When the meraglim returned from their mission, they didn’t tell the people lies. They did something worse; they spoke half-truths that engendered despair and disillusionment. And because the Jewish people lacked emunah, they became troubled and confused.
The meraglim first spoke of the good of the land – they testified that the land was flowing with milk and honey, but then they tried to balance their report by speaking of negative aspects of the land that they perceived. By doing so, though, they lowered the morale of the Jewish nation and induced panic. Each family moaned and lamented until 600,000 people were crying bitterly.
When the meraglim reported that the “land devours its inhabitants,” the people no longer wanted to enter Eretz Yisrael, and it was decreed that the entire generation would die in the midbar. Although Yehoshua and Calev tried to encourage the people that the land was exceedingly good, the people didn’t believe them.

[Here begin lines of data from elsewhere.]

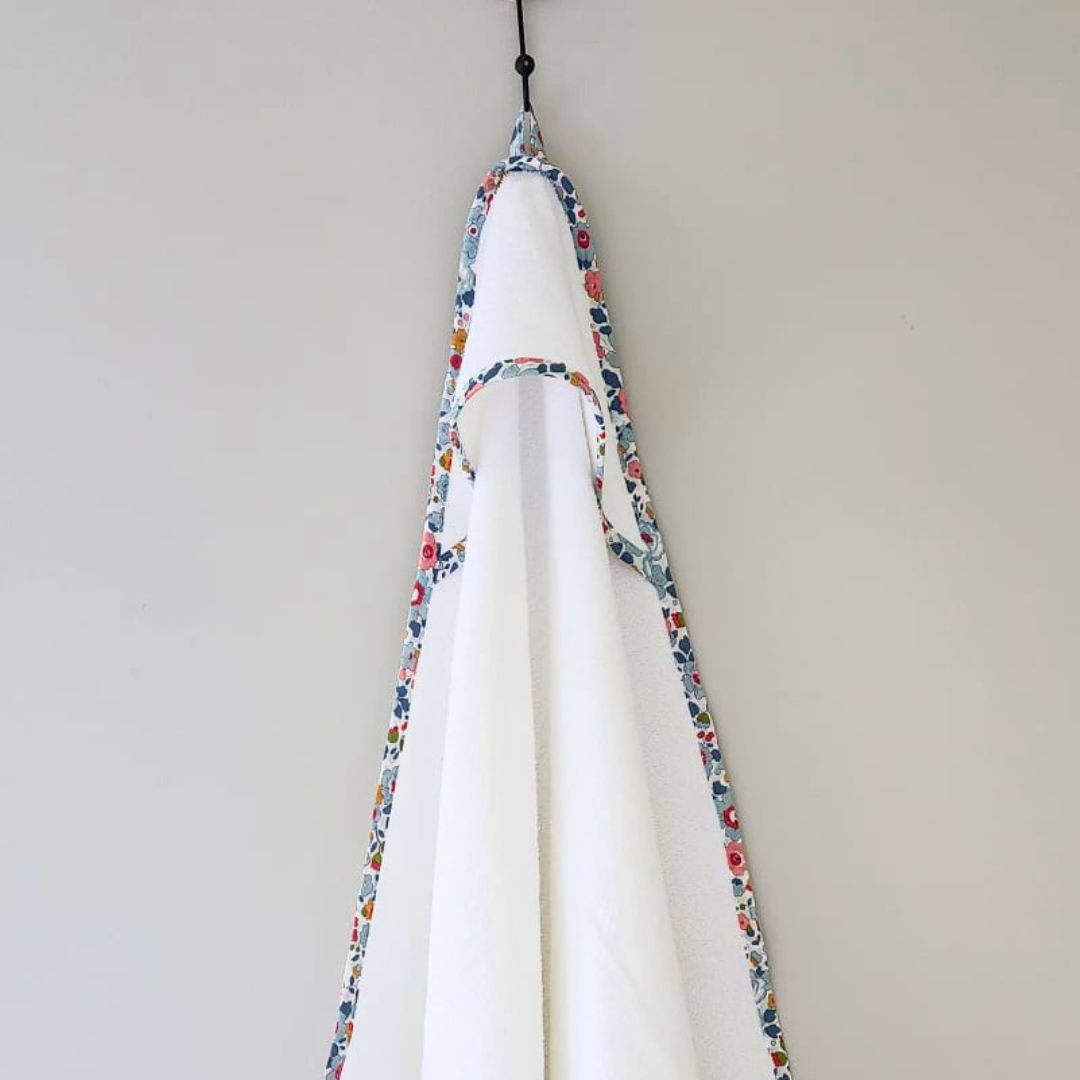 Little Acorn Hooded Baby Bath Towel with Custom Liberty Binding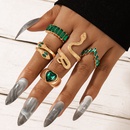 new fashion snakeshaped heart emerald diamond fivepiece ring female wholesalepicture12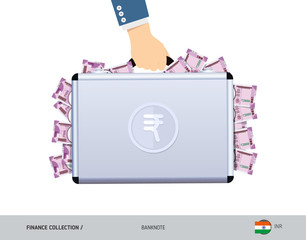 Hand holds a metal case with 2000 Indian Rupee Banknotes. Flat style vector illustration. Salary payout or corruption concept.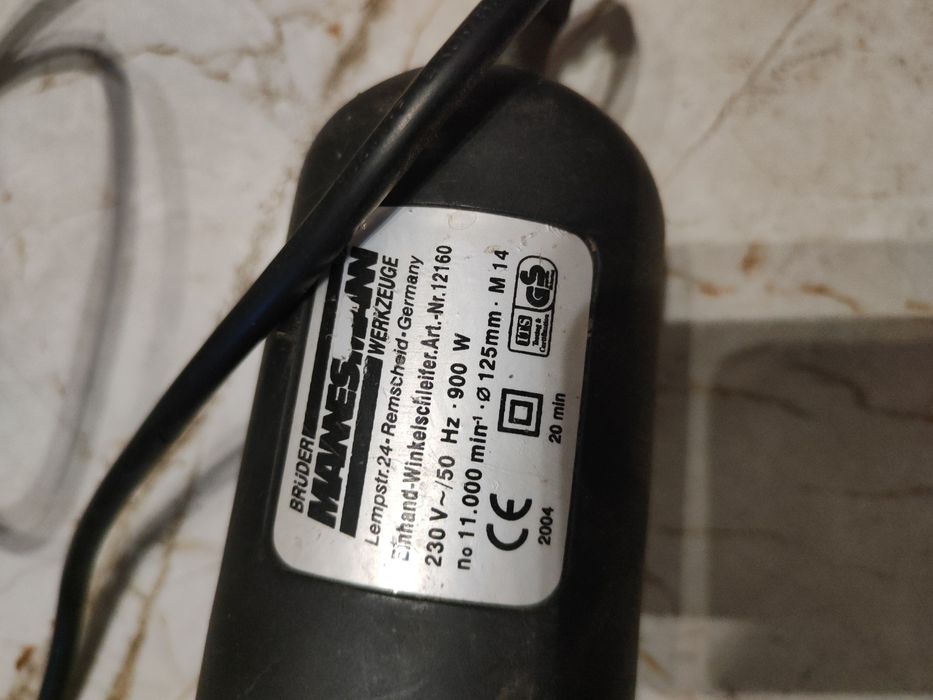 Klucz szlifierka kątowa Mannessn 900 W kątówka tarcze 125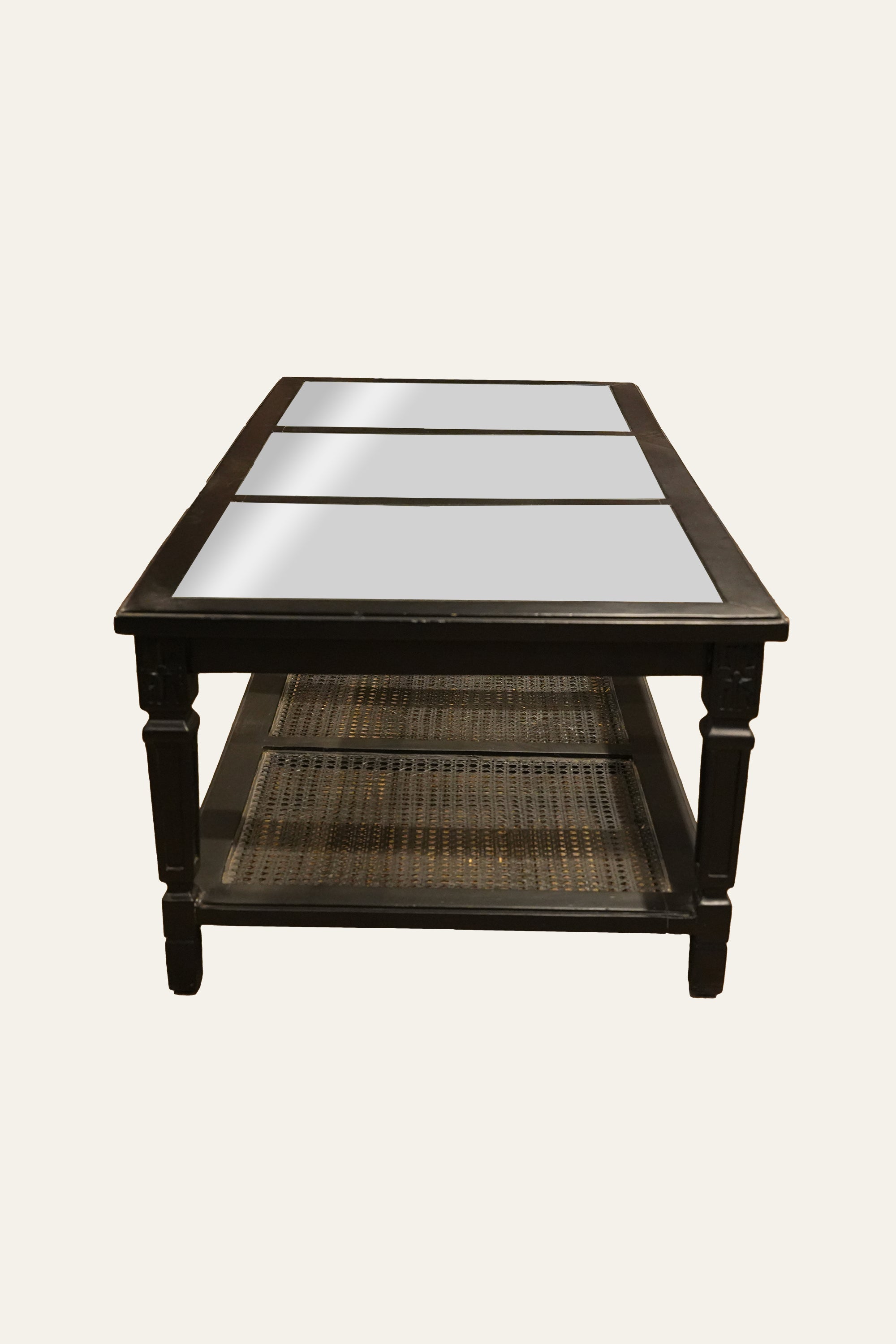 Gustavian Style Black 2-Tiered Glass Coffee Table with Cane Shelf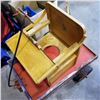 Image 2 : 3 WHEEL CART W/ HANDLE AND VINTAGE HIGH CHAIR AND COMPANION SET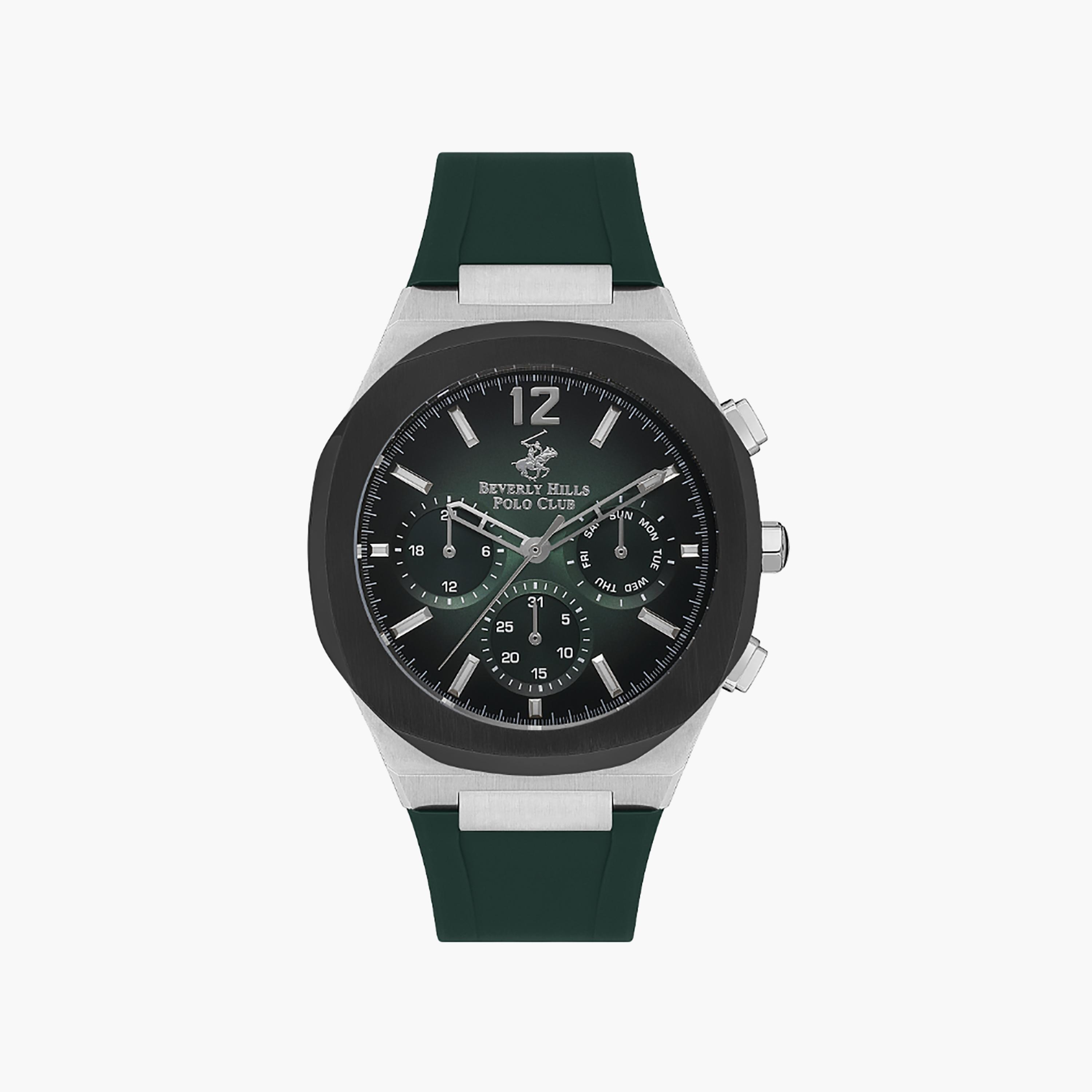 Beverly Hills Polo Club Men's 44 MM Green Chronograph Silicone Watch | BP3539X.375-men-watchesandjewellery-watches-image-1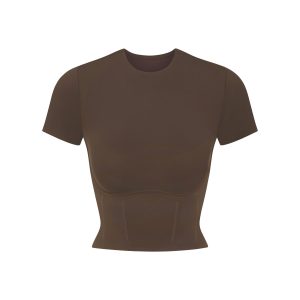NikeSKIMS MATTE CROPPED CORSET T-SHIRT | DARK SEPIA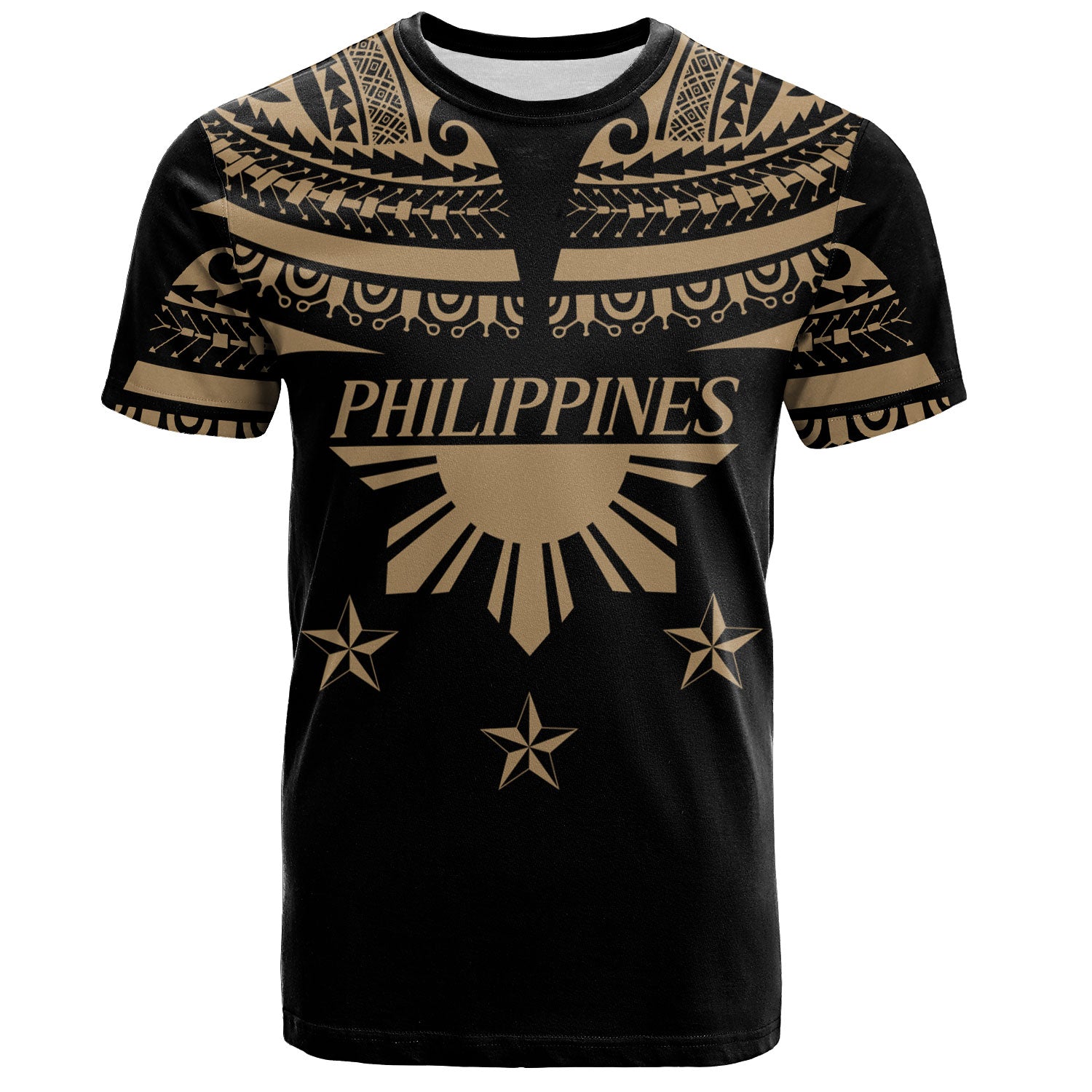 Philippines Filipinos T-Shirt Filipinos Sun Tribal Tattoo Gold Color Style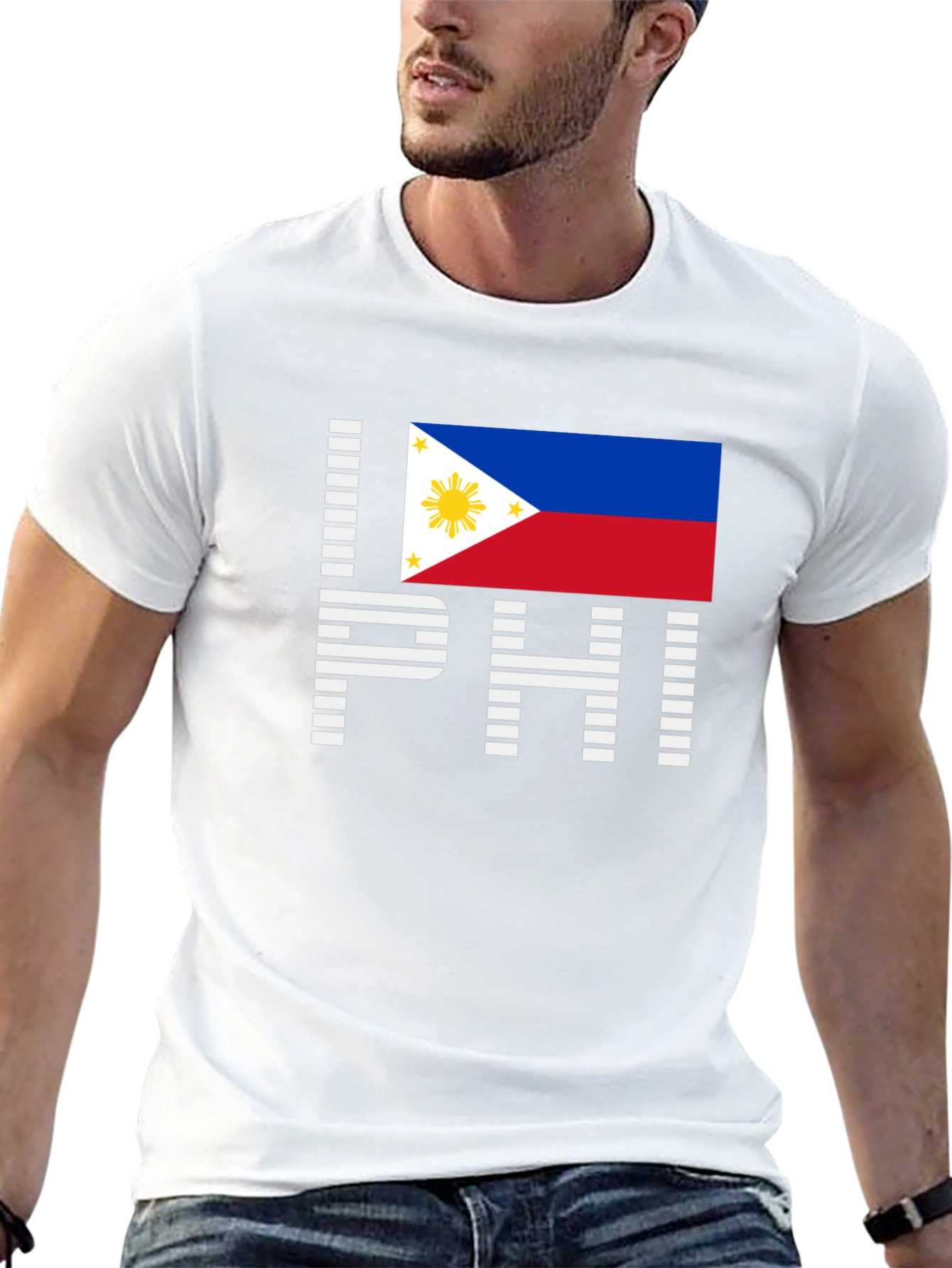 I Love PHI Philippines Flag Graphic T-Shirt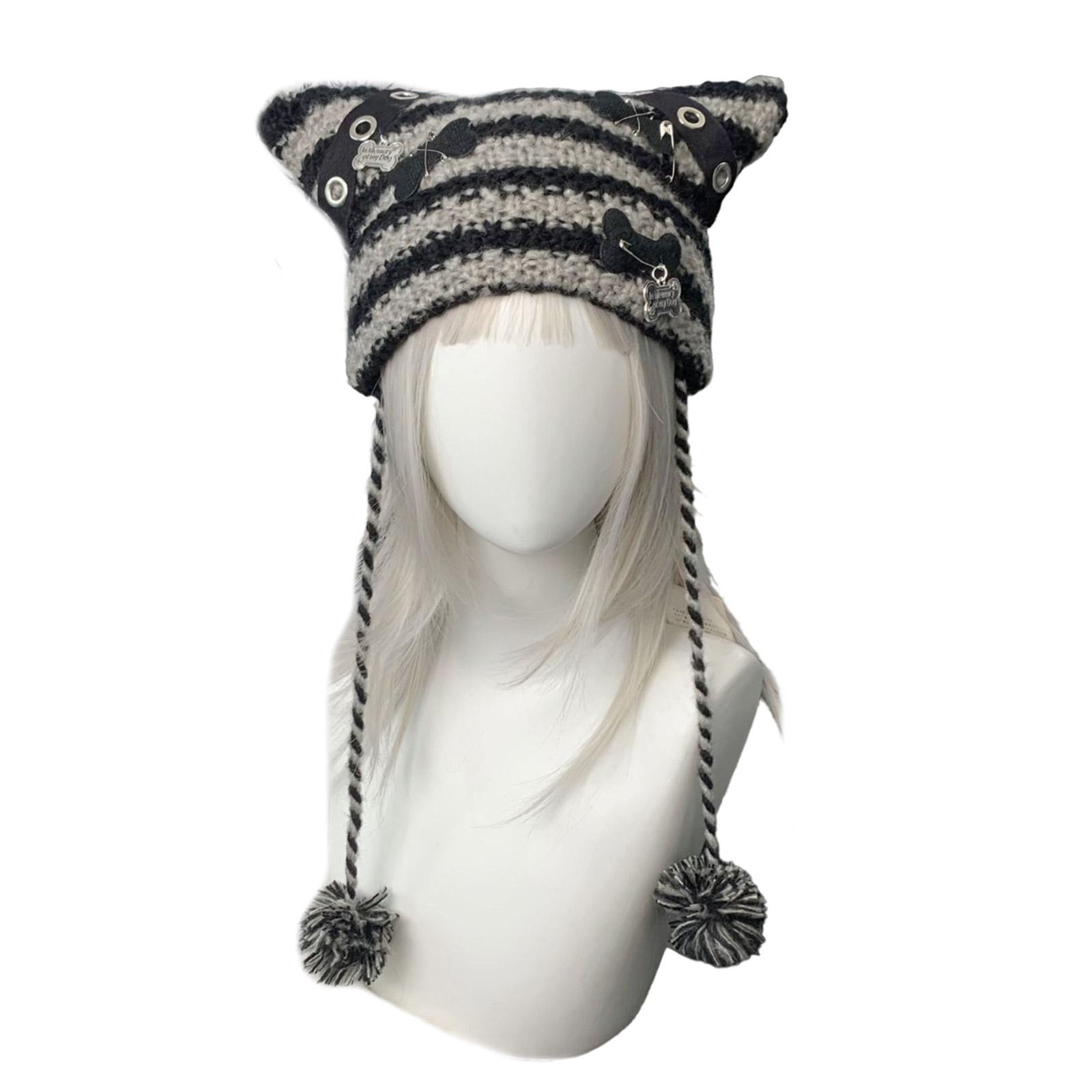 

Полосатая шапка-бини для девочки Y2K панк кость шапка для вечеринки вязаная шапка уличная одежда утолщенная шапка-бини шапка с кошачьими ушками Харадзюку фотореквизит чёрный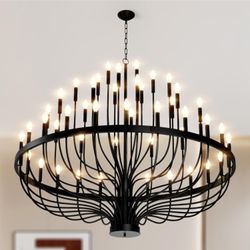 60" Extra Large Chandelier, 48-Light Black Foyer Chandeliers for High Ceilings, Modern Farmhouse Light Fixtures for Dining Room Kitchen Island, E12 Vi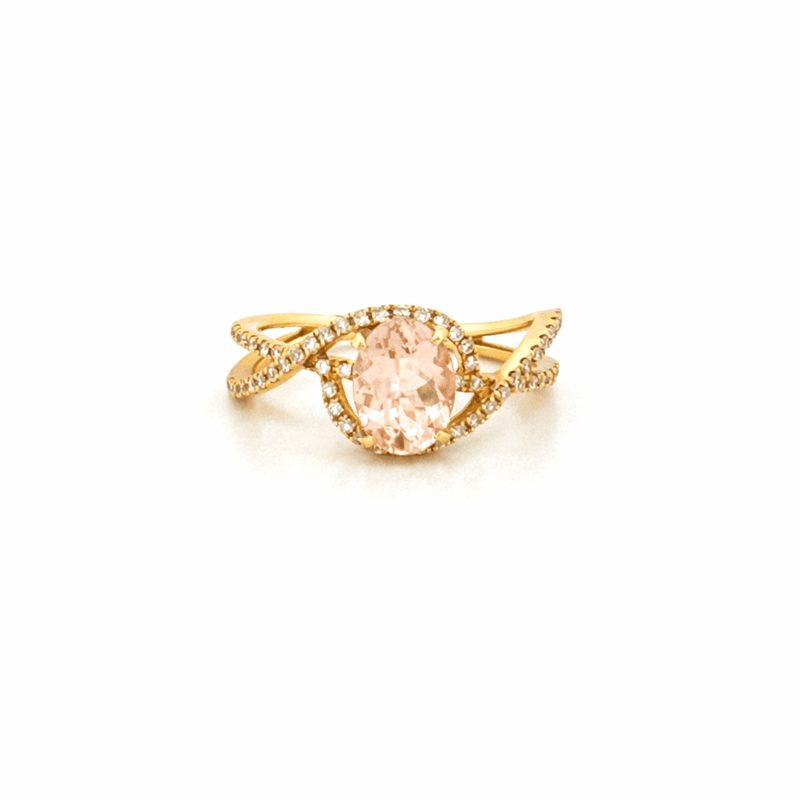14K Gold Oval Morganite Split Curve Diamond Ring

The Talmud (Sanhedrin 100b) states, “Do not introduce anxiety into your heart, as anxiety has killed mighty men.” The Kotzker said that when a situation calls for great courage and strength, a person should think of Tehillim 29:1, “Deliver to Hashem, you sons of the powerful.” A person who is seeking to come close to Hashem should keep in mind that he is a “son of the powerful” – i.e. Avraham, Yitzchak, and Yaakov – and is endowed with great fortitude and tenacity.
One Erev Shavuos, HaGaon R’ Shalom Mordechai HaCohen, the Maharsham of Brezhan, asked the general of the army stationed nearby to allow his Jewish soldiers leave to celebrate the Jewish holiday. Usually the general would readily accommodate the rav’s request, but this time he stubbornly refused, explaining that a major military exercise was scheduled for the next day and everyone’s presence was mandatory.
Rav Shalom Mordechai reminded the general that the king had promised to allow his soldiers to follow their religion. The general responded, “Even if the king himself made this request, I wouldn’t say yes. Even if the creator Himself asked, I wouldn’t change my mind.”
The rav was surprised at his adamant response and said, “The Creator doesn’t have to ask; it is within His ability to send a huge storm tomorrow that would force you to cancel the event.
“Honorable rabbi,” said the general, “you’re forgetting that we’re is the middle of the summer. The skies are clear, and nothing will prevent this event from happening.
“If Hashem brought hail in Egypt out of season, He can bring the rains here out of season,” replied the rav.
It was a clear night when everyone gathered for tikkun leil Shavuos. The rav then made an unusual request. He asked the congregants to say Tehillim that it should rain. Later that night, rain came down in torrents, completely flooding the fields. The exercise, of course, was cancelled.
On Shavuos morning, the general summoned the rav. “I know it was the honored rabbi who did all this,” he said.
“No, it wasn’t me,” replied the rav. “It was the Creator. A person should always know that everything is in Hashem’s hands, and there is little reason for us humans to worry.”
The general promised that in the future he would honor the rav’s every request. He did not even have to ask personally; he could send a messenger.